Traditionally individuals purchase stamps by going to their Post Office and getting a sheet. Now besides that fact that most sheets are lick and stick, they have glue on the back that you have to lick to make it attached to your envelope, First Class mail rates did not change all that often. So buying a whole sheet, even if you did not mail that often, was still a good deal.

Postage rates historically for 1 oz letter

  • 1885-1917 2¢
  • 1917-1919 3¢
  • 1919-1932 2¢
  • 1932-1958 3¢
  • 1958-1963 4¢
  • 1963-1968 5¢
  • 1968-1971 6¢
  • 1971-1974 8¢
  • 1974-1975 10¢
  • 1975-1978 13¢
  • 1978-1981 18¢
  • etc….

Fun Fact

Postage is now 47¢, as it sent DOWN on April 10,2016.

Recently we have had changes in 2012,2013,2014,2016. They are coming a lot more frequently.

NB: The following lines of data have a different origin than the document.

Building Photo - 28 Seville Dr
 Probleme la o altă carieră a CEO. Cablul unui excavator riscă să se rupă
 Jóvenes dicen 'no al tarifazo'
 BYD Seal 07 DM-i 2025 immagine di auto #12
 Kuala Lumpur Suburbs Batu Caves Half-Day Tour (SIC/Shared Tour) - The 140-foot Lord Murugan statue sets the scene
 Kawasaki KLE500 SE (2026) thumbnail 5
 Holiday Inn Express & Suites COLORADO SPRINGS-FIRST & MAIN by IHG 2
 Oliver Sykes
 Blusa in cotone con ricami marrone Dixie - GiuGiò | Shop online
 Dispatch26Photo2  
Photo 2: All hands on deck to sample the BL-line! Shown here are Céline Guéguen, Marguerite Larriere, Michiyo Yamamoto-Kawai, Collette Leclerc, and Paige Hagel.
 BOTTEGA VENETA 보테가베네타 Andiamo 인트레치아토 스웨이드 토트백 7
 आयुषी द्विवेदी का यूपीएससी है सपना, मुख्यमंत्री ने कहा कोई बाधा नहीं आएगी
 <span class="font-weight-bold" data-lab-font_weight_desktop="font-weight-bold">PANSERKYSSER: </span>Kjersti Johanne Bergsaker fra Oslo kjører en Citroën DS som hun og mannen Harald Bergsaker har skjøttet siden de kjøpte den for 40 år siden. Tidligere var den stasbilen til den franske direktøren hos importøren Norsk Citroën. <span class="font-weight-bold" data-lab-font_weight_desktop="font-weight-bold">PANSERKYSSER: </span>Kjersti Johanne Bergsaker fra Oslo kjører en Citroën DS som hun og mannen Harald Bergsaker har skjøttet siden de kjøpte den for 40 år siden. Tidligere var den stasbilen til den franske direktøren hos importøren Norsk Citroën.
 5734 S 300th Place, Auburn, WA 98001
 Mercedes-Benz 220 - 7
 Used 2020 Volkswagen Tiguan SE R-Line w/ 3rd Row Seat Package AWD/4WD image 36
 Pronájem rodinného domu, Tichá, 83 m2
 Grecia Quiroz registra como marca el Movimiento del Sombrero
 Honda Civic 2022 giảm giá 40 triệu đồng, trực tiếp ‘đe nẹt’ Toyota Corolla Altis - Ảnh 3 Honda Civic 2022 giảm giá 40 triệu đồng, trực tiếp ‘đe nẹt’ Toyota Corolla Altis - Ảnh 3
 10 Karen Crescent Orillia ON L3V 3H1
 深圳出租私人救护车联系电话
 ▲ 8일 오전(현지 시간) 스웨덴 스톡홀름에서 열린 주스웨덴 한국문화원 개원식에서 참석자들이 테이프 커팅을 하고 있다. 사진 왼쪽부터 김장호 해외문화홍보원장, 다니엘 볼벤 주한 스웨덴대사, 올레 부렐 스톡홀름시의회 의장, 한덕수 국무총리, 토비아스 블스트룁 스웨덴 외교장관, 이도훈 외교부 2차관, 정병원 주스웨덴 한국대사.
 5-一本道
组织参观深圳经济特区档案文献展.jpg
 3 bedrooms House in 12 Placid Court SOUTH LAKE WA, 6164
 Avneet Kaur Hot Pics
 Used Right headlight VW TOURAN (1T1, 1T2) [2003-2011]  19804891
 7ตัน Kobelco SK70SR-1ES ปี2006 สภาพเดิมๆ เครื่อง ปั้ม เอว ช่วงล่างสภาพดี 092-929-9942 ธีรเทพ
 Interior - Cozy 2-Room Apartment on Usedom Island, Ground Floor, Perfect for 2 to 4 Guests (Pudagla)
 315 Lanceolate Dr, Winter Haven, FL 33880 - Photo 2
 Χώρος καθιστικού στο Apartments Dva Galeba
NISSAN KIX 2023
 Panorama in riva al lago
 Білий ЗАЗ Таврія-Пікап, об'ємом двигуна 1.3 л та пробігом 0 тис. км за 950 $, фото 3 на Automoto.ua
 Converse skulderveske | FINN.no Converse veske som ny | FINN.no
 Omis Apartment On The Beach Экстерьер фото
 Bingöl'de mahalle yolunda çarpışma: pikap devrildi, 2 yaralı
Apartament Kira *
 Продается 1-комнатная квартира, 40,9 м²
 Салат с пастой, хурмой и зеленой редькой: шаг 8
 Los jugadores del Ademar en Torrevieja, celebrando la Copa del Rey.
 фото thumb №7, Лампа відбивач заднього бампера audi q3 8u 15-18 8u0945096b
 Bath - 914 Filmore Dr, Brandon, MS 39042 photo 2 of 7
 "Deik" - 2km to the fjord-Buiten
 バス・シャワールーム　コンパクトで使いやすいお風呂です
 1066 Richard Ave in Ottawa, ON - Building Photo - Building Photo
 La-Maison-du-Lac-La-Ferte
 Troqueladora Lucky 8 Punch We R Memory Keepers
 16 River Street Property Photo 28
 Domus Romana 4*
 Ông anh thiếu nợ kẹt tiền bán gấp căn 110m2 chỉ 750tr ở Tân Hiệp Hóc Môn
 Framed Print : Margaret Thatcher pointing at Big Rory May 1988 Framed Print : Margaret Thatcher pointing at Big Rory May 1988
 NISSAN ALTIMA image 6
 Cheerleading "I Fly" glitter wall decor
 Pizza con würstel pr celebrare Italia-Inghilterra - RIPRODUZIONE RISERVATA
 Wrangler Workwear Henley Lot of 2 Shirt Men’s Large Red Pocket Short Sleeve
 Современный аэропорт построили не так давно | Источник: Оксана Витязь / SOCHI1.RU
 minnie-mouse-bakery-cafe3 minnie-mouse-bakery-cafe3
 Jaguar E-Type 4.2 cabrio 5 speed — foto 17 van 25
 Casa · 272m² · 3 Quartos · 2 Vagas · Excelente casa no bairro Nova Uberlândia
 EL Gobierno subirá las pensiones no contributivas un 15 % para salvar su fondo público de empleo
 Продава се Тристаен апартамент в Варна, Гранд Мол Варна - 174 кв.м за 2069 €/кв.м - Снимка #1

So what is the USPS to do to mitigate all of the changes??

New Normal

With all of the changes, the USPS came up with the Forever Stamp in 2007. These stamps have no postage amount on the stamp and regardless of the price you paid for it, it will work on first class postage at the current rate. In fact, all first class stamps after 2011 are “Forever Stamps” and no longer indicate a numerical value on the stamp.

All stamps are also self-adhesive, so no longer requiring the licking part of lick-n-stick. They are sold in booklets or sheets that are usually 20 stamps.

But I Have Stamp Sheets

So what do you do about the sheets you have. Use them. You cannot return stamps to the USPS. Once you buy them, they are yours forever! The current market doesn’t even value many of them at face. On the wholesale market they sell for 60-80% of face value. Centennial guarantees 50% of face value at its sales for postage. At the base level, people do not want to have to lick multiple stamps to send a letter.  However if you don’t mind then you can do all of your mail at a reduced cost from face value! Yes some do not taste great, in fact, there is a 9¢ stamp in green with the US capital on it that, IMHO, is the worst tasting stamp EVER!!!!!

Back to What I Was Saying

But I have a favor to ask the USPS, stop with the random layout of stamps, it killing me Smalls!!!! I don’t need to work this hard to find my stamp on your sheet!